Namibia, like most of sub-Saharan Africa, is heterogeneous despite having barely three million people. It has eleven ethnic groups that speak different languages and are culturally dissimilar. Namibia defies the correlation that the fewer the numbers, the easier the distribution of wealth. The reverse is the case for Namibia. Given its small population and natural endowment, wealth distribution would have been far-reaching or less disproportionate. However, Namibia is one of the most unequal countries in the world. In fact, it is the second most unequal in wealth distribution in the world, behind South Africa, its sister country, whose economic and socio-political character bears the same foundation.
Apartheid rings home with South Africa, but not all are aware that Namibia at the time was part of South Africa; thus, the apartheid system included present-day Namibia. A little over 2,000 years ago, the San, also known as the Bushmen, were hunters and gatherers who lived throughout the area, while the Khoekhoen, also known as the Hottentots in early European nomenclature, were pastoralists who had primarily congregated along the coast. Around this period, Bantu-speaking agropastoralists started travelling from the eastern lowlands to the highlands in southern Africa. Complex political and material cultures have been documented at several archaeological sites.
In 1652, the Dutch East India Company settled in Table Bay, making it the first European settlement. The mineral revolution reinstated white occupation and subsequent settlement. This further re-established their foothold on South African soil. The grasp on these minerals and other resources, as well as significant control by the white minority, made the black majority live in denial, or rather create a wide margin in the wealth distribution chain among South Africans.
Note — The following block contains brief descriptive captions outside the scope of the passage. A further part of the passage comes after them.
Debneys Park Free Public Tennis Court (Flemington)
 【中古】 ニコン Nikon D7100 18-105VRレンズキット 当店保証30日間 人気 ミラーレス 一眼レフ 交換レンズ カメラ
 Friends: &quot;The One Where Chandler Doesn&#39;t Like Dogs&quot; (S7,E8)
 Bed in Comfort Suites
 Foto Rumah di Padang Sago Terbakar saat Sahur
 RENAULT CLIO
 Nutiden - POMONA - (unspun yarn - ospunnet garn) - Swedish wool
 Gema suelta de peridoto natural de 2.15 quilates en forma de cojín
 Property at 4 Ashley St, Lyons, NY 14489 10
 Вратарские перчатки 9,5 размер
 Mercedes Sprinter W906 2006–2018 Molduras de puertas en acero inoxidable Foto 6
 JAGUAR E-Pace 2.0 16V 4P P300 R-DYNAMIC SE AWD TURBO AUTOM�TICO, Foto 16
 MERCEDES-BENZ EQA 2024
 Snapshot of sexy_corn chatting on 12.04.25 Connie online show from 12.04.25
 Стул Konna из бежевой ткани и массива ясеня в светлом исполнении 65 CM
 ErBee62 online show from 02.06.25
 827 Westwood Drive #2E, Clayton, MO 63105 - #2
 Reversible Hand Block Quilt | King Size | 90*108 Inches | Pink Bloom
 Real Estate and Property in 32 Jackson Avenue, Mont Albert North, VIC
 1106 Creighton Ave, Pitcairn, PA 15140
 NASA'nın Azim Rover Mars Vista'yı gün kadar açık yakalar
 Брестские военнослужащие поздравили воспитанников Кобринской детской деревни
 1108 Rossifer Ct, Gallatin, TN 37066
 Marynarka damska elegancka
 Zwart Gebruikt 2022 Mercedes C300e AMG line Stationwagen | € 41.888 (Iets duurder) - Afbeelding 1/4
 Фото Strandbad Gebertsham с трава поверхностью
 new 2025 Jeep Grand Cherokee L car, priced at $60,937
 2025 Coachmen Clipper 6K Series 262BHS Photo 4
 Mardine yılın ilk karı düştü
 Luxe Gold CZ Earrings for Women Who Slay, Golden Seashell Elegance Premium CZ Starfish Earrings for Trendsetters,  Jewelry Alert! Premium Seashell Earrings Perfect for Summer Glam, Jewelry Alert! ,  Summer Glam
Now, the question is why Namibia and South Africa, two countries that used to be one country, are the centres of inequality in the world. This is where the European factor applies in both countries.
Europeans invaded and seized the geographical area now called South Africa and Namibia and imposed an apartheid system of government on the indigenous people. After apartheid was unsustainable following pressure from the world, they discontinued apartheid but retained all the lands and wealth chains of both countries. European Namibians and South Africans, descendants of Europeans (Afrikaans and Boers), make up barely 10% of both countries but control 70% of the wealth, thus widening the wealth distribution gap. Though apartheid has since ended, the retention of the centres of wealth, expertise, and capital never left the white minority. Consequentially, the wealth disparity in both countries widened as a result.
However dignifying, Nelson Mandela’s forgiveness and reconciliation project lacked merit in the face of economic reality. As the old saying goes, “If wishes were horses, beggars would ride.” It takes more than just being good to run a country. Forgiveness is a weak approach to a problem involving the masses. Retribution in the face of injustice should be a requisite or inescapable, without which injustice may never prevail.